What this task involves - When writing out the entries below, keep only the lines from the line with "Galactic Graffiti C-3PO" to the line with "Mega Lightning Fractal Poster (Voorkant)", both included, exactly as they are, and leave the pictures aside.

Captioned web image data -

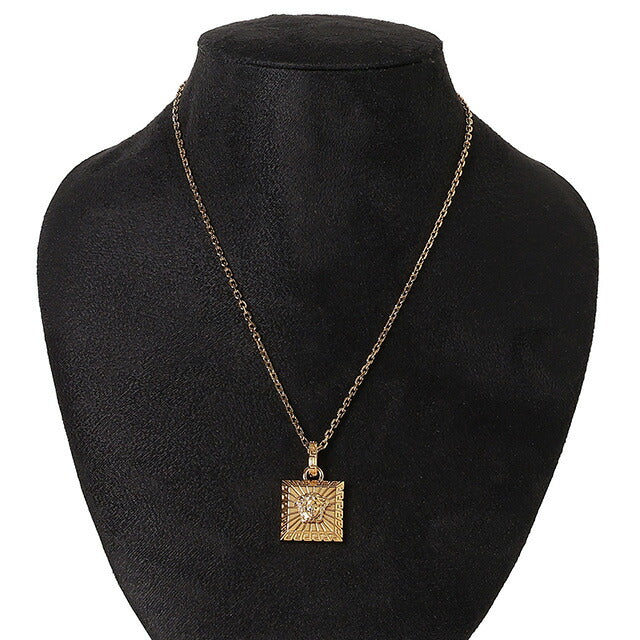 ヴェルサーチ VERSACE 1004341-1A00620-3J000 メドゥーサ スクエア ネックレス ペンダント ゴールド メンズ ユニセックス アクセサリー 記念品 ギフト ANVE00053M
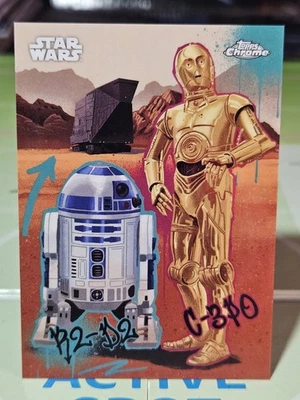 Galactic Graffiti C-3PO & R2-D2 Topps Chrome Star Wars GG-5 NM-Mint 2025 - Image 1 of 4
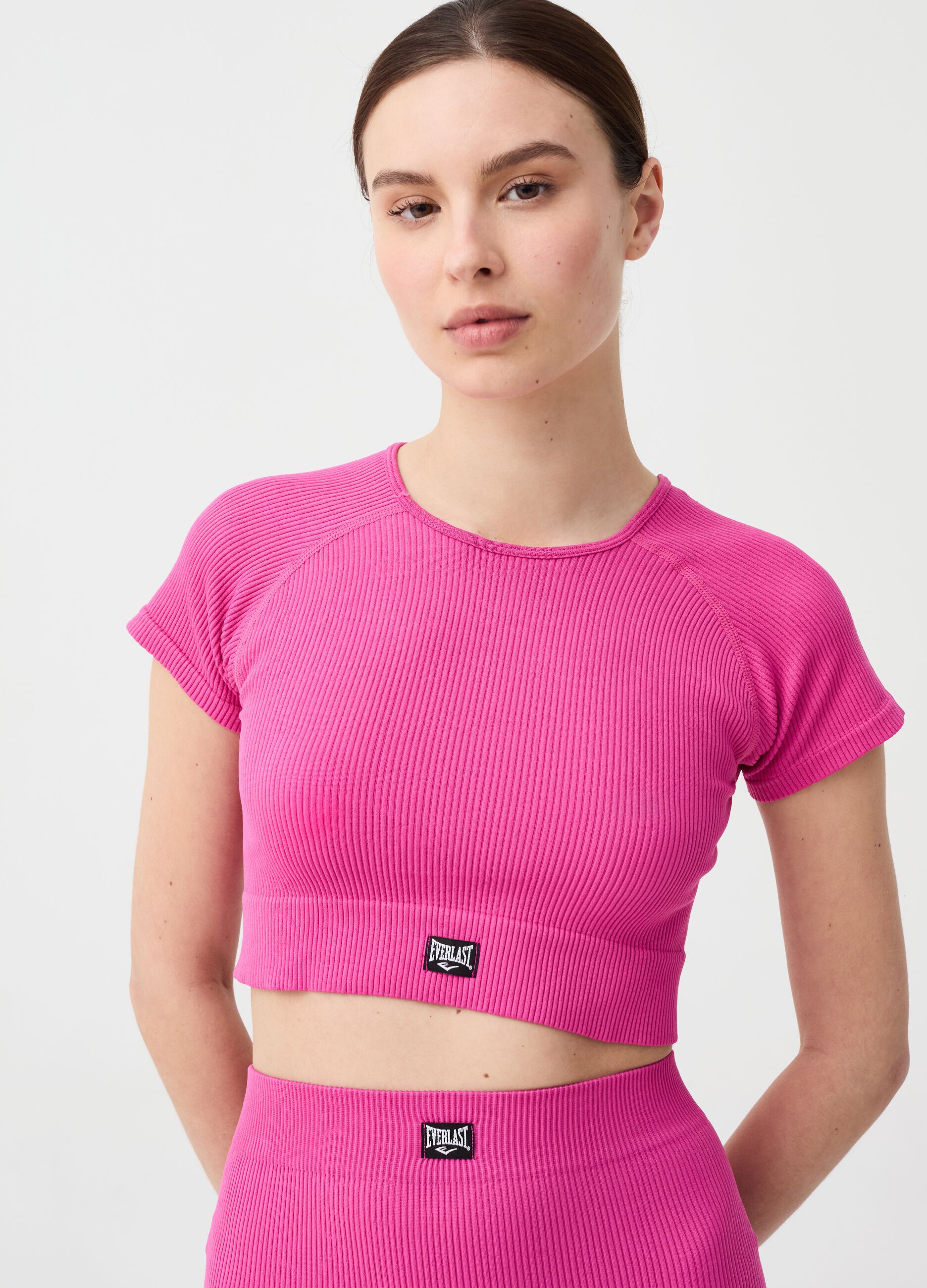 Ovs T-shirt cropped a costine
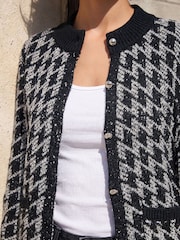 Roman Black Houndstooth Cardigan - Image 5 of 5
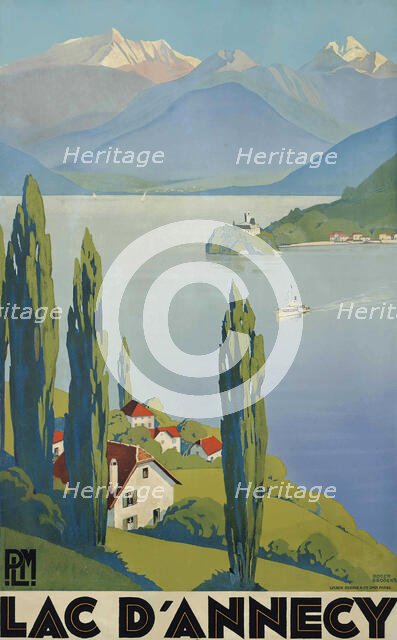Lac d'Annecy, c1930. Creator: Broders, Roger (1883-1953).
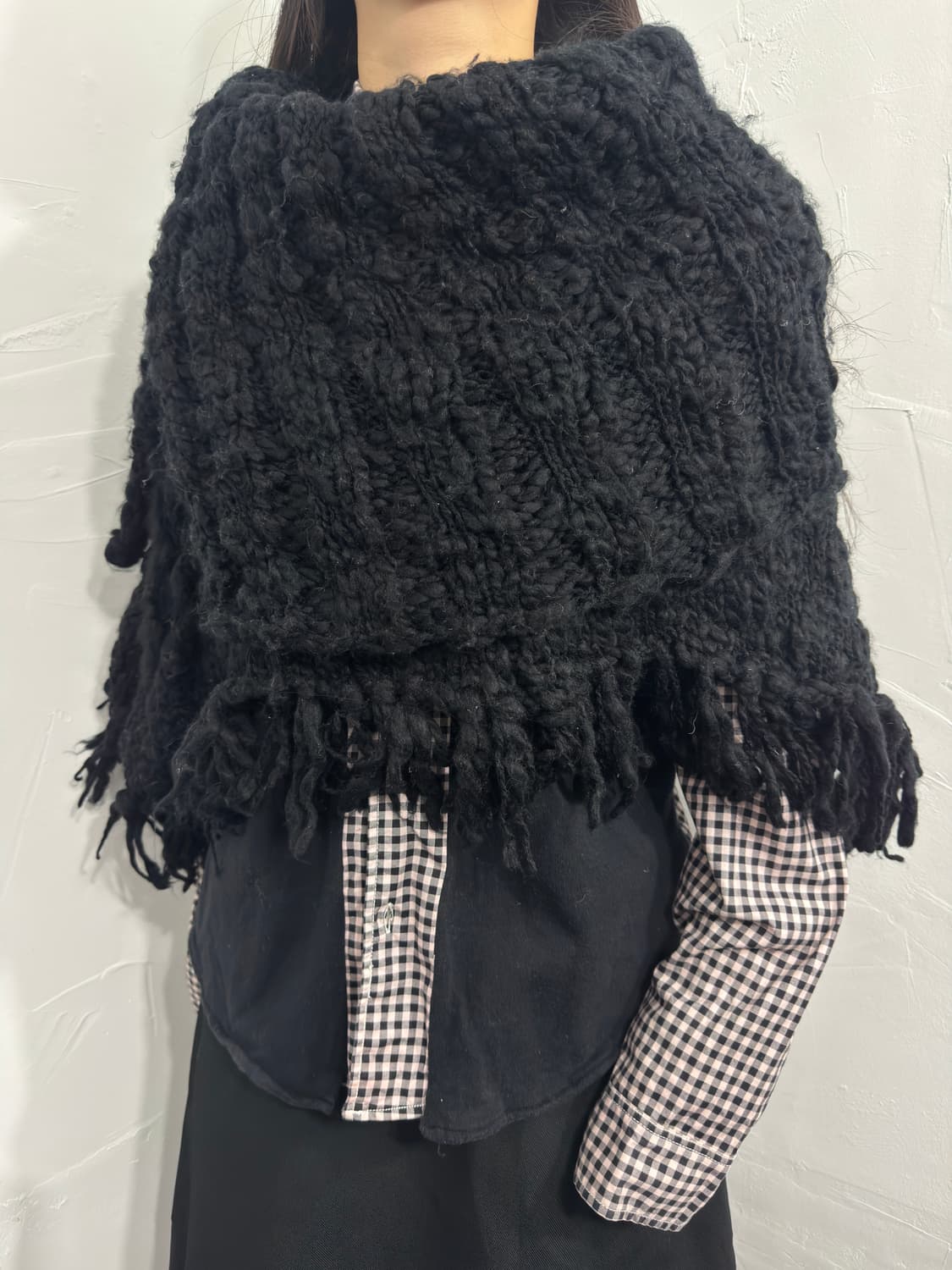 neo style shawl knit  상품이미지5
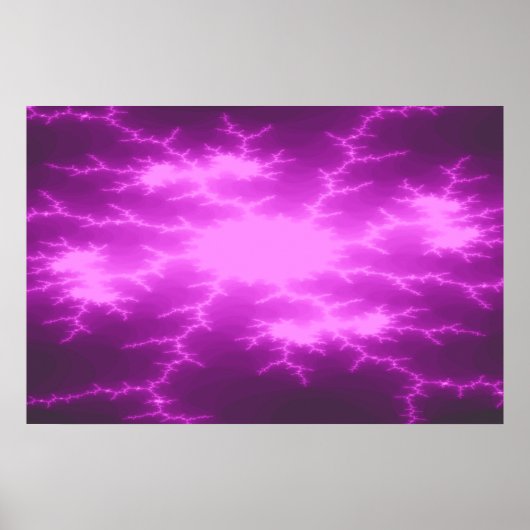 Mega Lightning Fractal Poster (Voorkant)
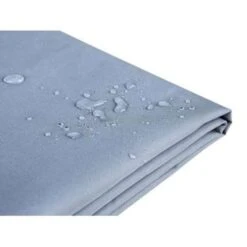 Beliani Meubelhoes CHUVA - Grijs Pvc -LeenBakker Winkel 9d23125478494aaa88e89f2d2eeae0ed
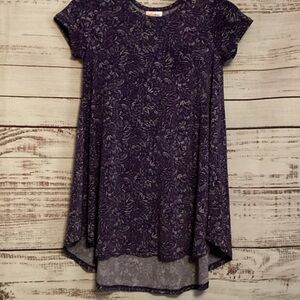 LuLaRoe Purple Floral Scarlett Dress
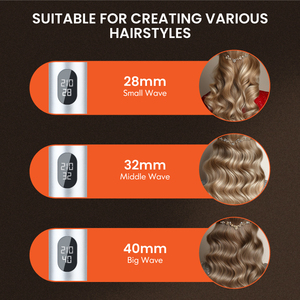 Revêtement céramique professionnel double tension 3 taille ondulée bigoudi automatique ionique rotatif <span class=keywords><strong>cheveux</strong></span> <span class=keywords><strong>fer</strong></span> à friser baguette - Product Image 6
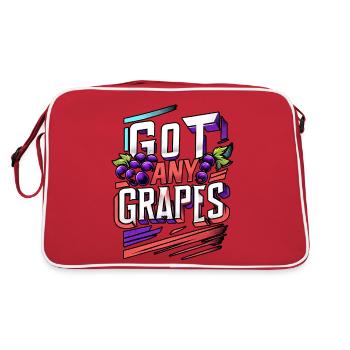 Got Any Grapes 11 - Retro Bag - red/white - Back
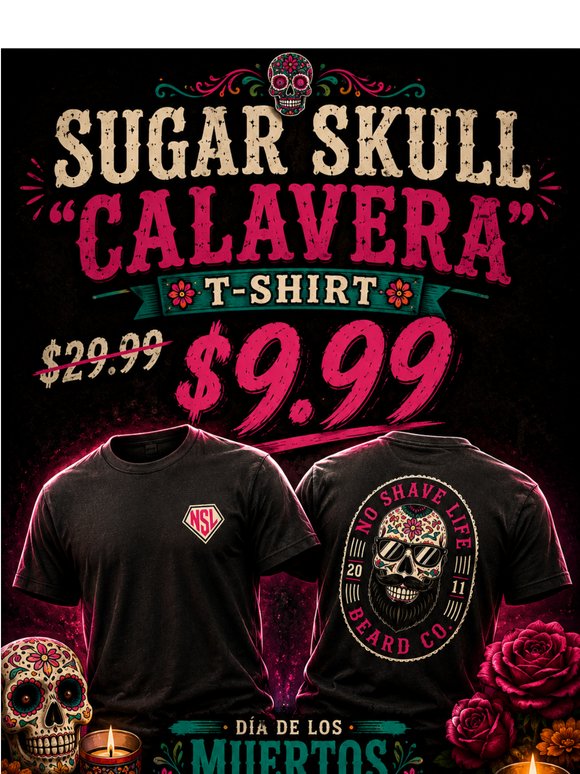 Your New Favorite Sugar Skull Shirt is Only $9.99!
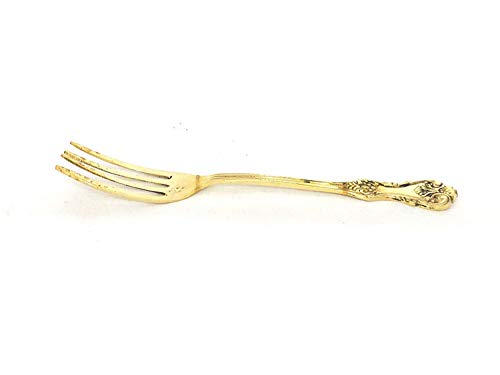 KBB 100% Brass Desert Fork Spoon/Home DÉCOR/Gift (Pack of 1) - Home Decor Lo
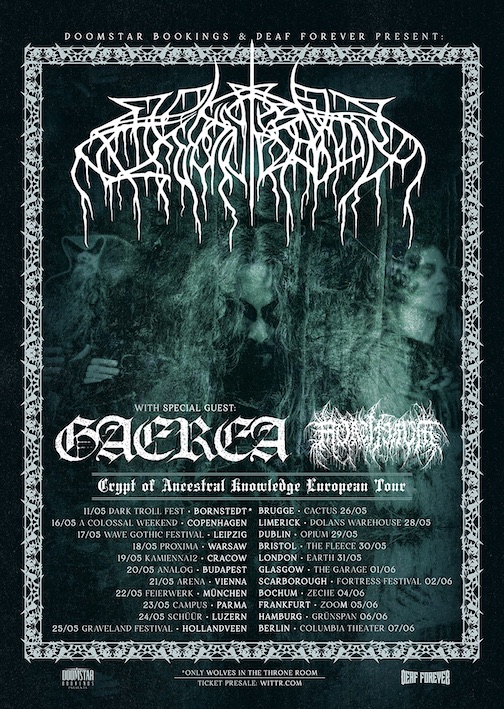 You are currently viewing WOLVES IN THE THRONE ROOM – `Crypt of Ancestral Knowledge Tour` 2024 startet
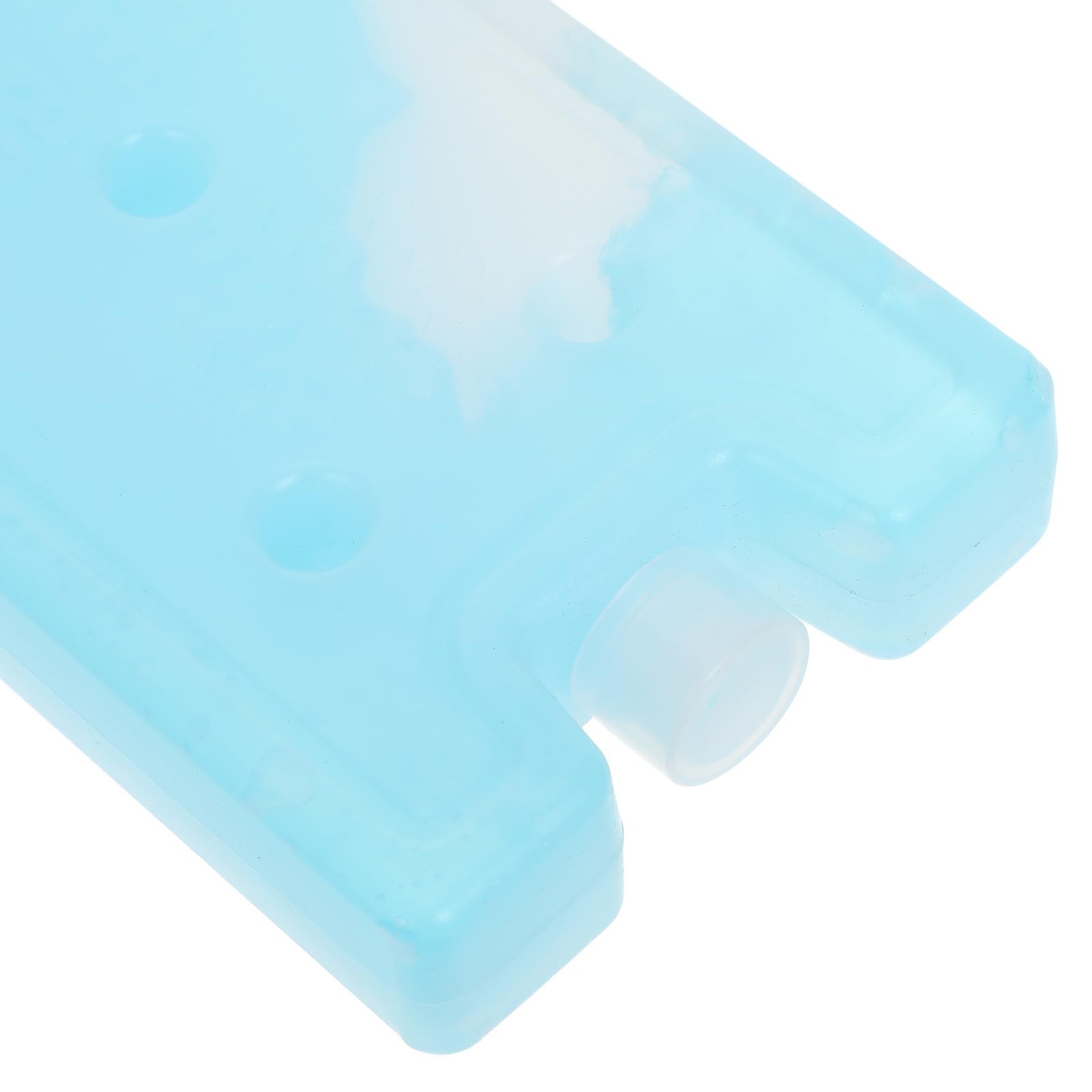 Healvian 4 Pièces Bloc Réfrigérant Réutilisable Refroidissement Rapide et Maintien Fraîcheur en PE 250ml pour Paquet Isothermes et Nourriture pour Camping et Pique-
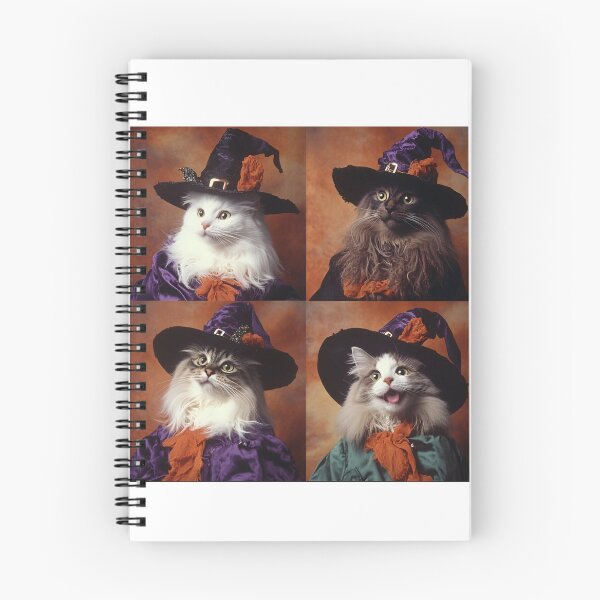 Item preview, Enchanted Magical Cat in Witch Costume – Funny Halloween Photobooth designed and sold by RockFireMerch.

Solution for this problem -
 Galactic Graffiti C-3PO & R2-D2 Topps Chrome Star Wars GG-5 NM-Mint 2025 - Image 1 of 4
 Ovs T-shirt cropped a costine
 Roman Black Houndstooth Cardigan - Image 5 of 5
Lac d'Annecy, c1930. Creator: Broders, Roger (1883-1953).
 neo style shawl knit  상품이미지5
 Mega Lightning Fractal Poster (Voorkant)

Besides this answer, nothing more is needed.